An ambitious show that goes beyond the professional life of the architect who changed the course of the city, whose planning he directed from 1922 until his retirement in 1956; It was his stage of greatest splendor, when he makes his old projects of interior reform and sets up new spaces to complete his vision on the development of the city.
The avenue of the west, the prolongation of the beautiful street of La Paz, the opening of Poeta Querol, the large roundabout behind the Puerta de Serranos, the extension of Paseo de la Alameda between the bridges of the Sea and Aragón, the avenida de María Cristina , the widening of the descent of San Francisco and the historic center, are some of the important actions planned for the city, as well as the construction of 600 emblematic buildings. "He was the most influential architect in Valencia during the first half of the 20th century," says Llopis, who says that the largest reform was that of the Plaza del Ayuntamiento, which connected with the Estación del Norte and the Mercado Central.
The square of Emilio Castelar and its Flower Market, built in 1932, was demolished three decades later. "I remembered too much the reforming spirit of the Republic", the curators point out, that in one of the highlights of the exhibition, precisely where the original sketches can be seen and examined, fragments of the English film are projected The boy who stole a million, shot two years before the plaza and the market disappeared, and several documentaries present works, some of which have disappeared, such as the Trianon and Condal cinemas, of the architect of Austrian origin. "New traffic routes, which replace or extend existing ones, cross the old urban network defining large blocks with curved chamfers to favor road traffic, ready to house dense and high-rise architectures", explain the people in charge of the exhibition.
A large interactive model of the center of Valencia occupies the main space of the room dedicated to the urban projects designed by the architect, "unusual for the Valencia of his time", points David Sánchez, in Knowing Goerlich. The exhibition covers extensively, in different areas, the work of the author of such emblematic buildings as the Metropol, the Mercado de Abastos, and the "sadly destroyed" Club Náutico de Valencia, in a "boat" style, which he signs together with Alfonso Fungairiño.

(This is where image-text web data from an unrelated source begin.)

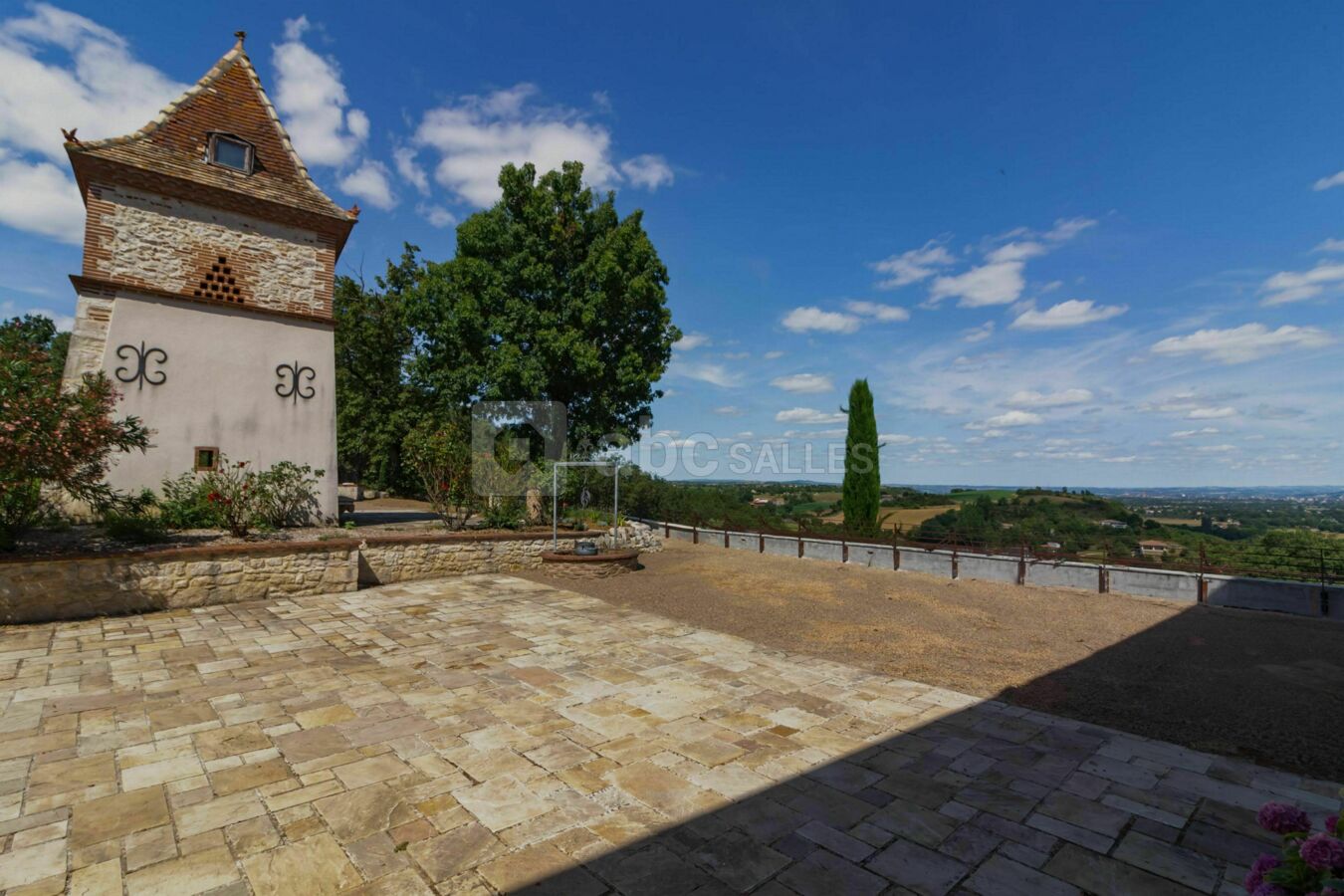 Vue terrasse principale du domaine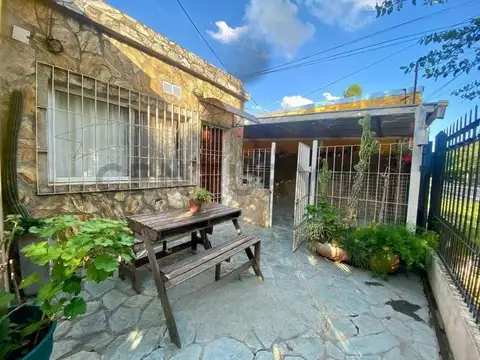 CASA CON DEPARTAMENTO EN BENAVIDEZ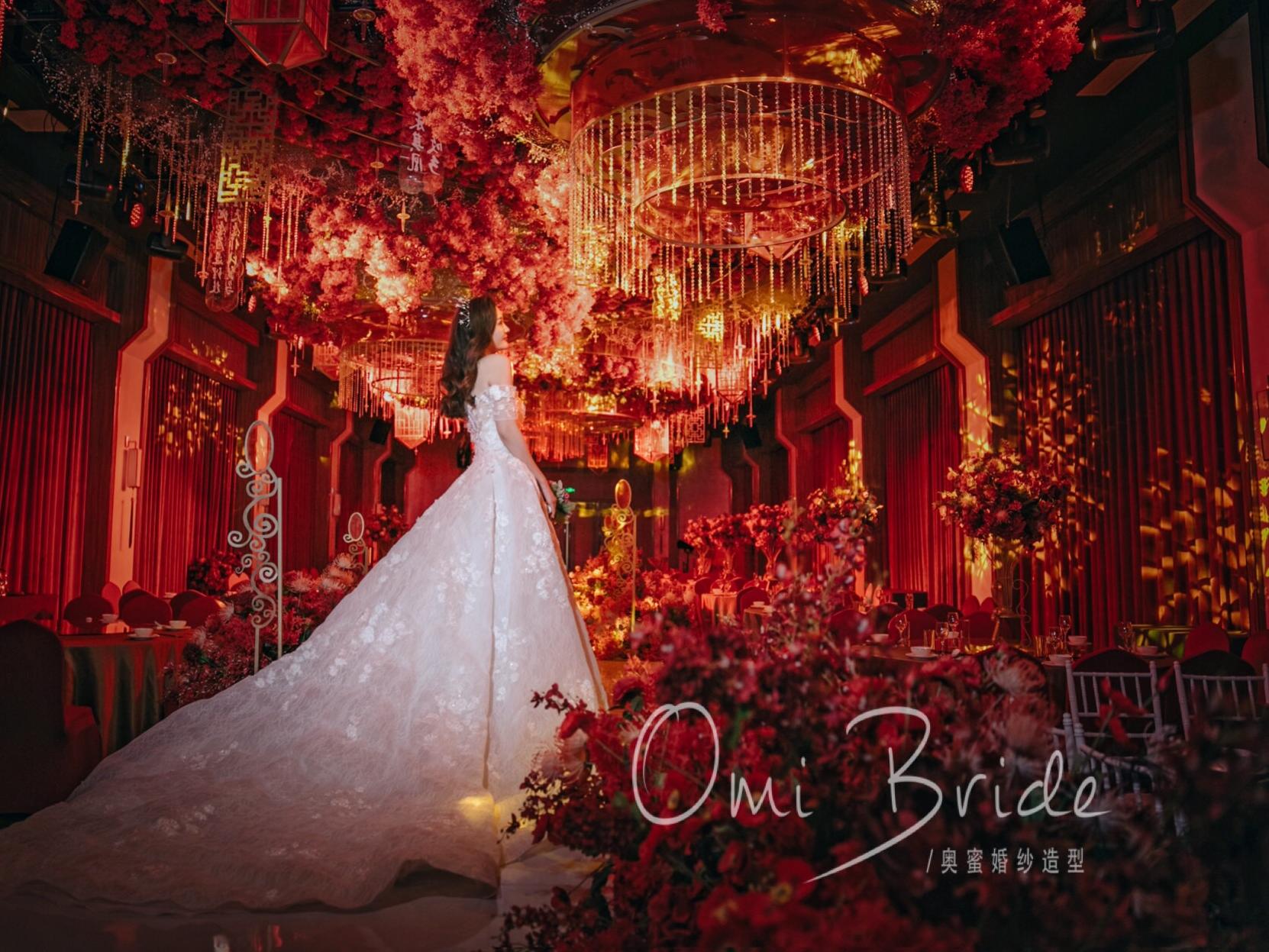 创始人10小时跟妆+婚纱任性(含手绣秀和)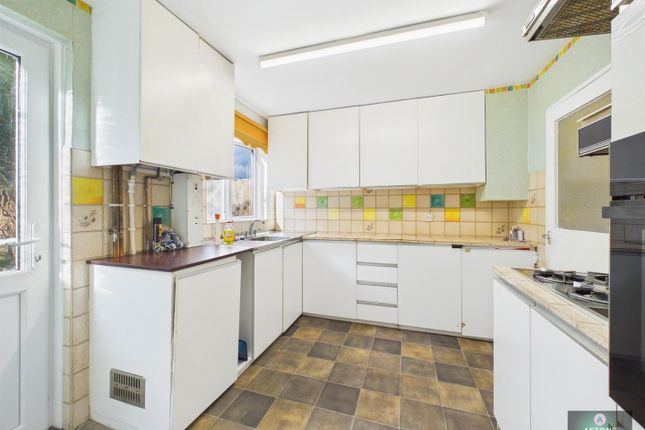 21, Constable Road, Crawley photo 3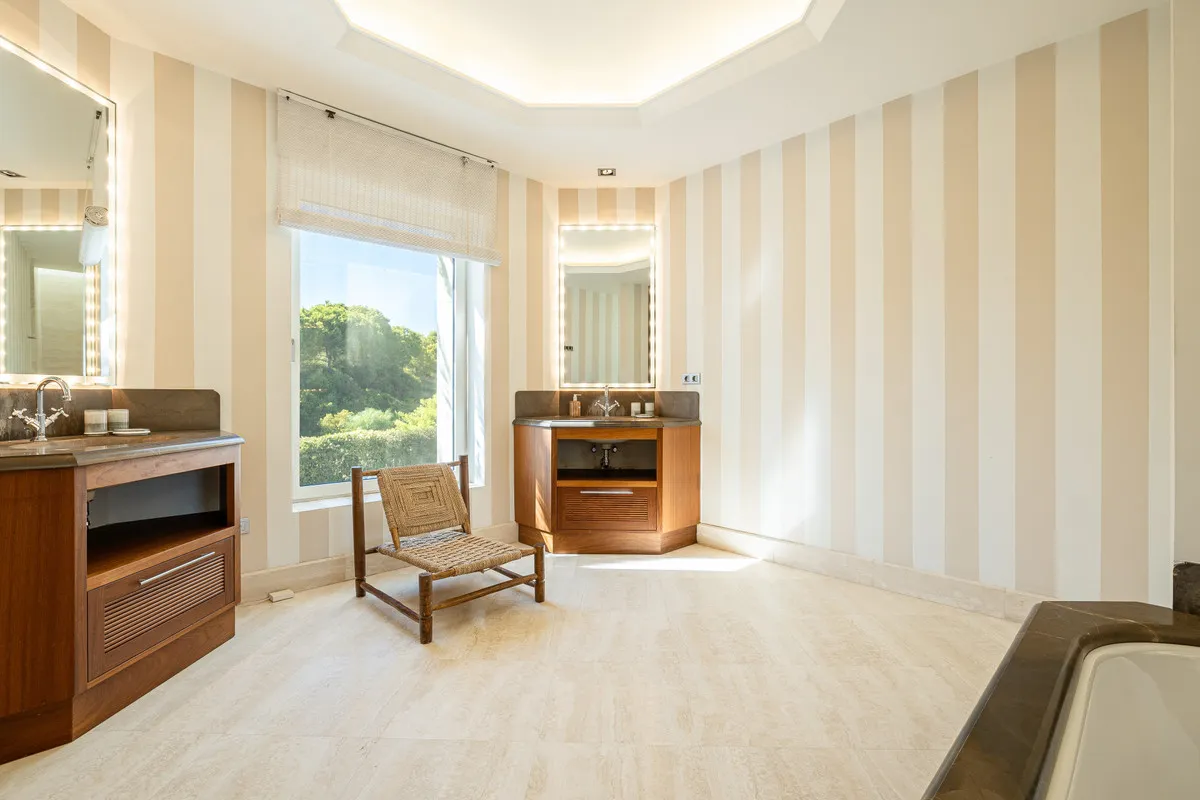 0ddd80e3-b269-4ad8-bfe4-7ba96a47d87e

The architect who changed Valencia, counts, in the exhibition, with spaces that explain his protagonism in the social and cultural activity of the city. Goerlich, born in Valencia in 1886, of an Austrian father and a Valencian mother, who completed his studies at the School of Architecture of Barcelona, chose, at the age of 21, Spanish nationality. "It was important for us to show the citizen, the figure that drove Valencian cultural and social life," says Llopis, founder of the architecture office Vetges tu I Mediterrànea (VTiM). Goerlich, passionate about music and painting, presided over the Symphony Orchestra of Valencia and the Royal Academy of San Carlos. "The exhibition aims to recover for the general public the trajectory of a decisive person in the construction of the city we see today," says Gloria Tello, Councilor for Cultural Heritage and Resources.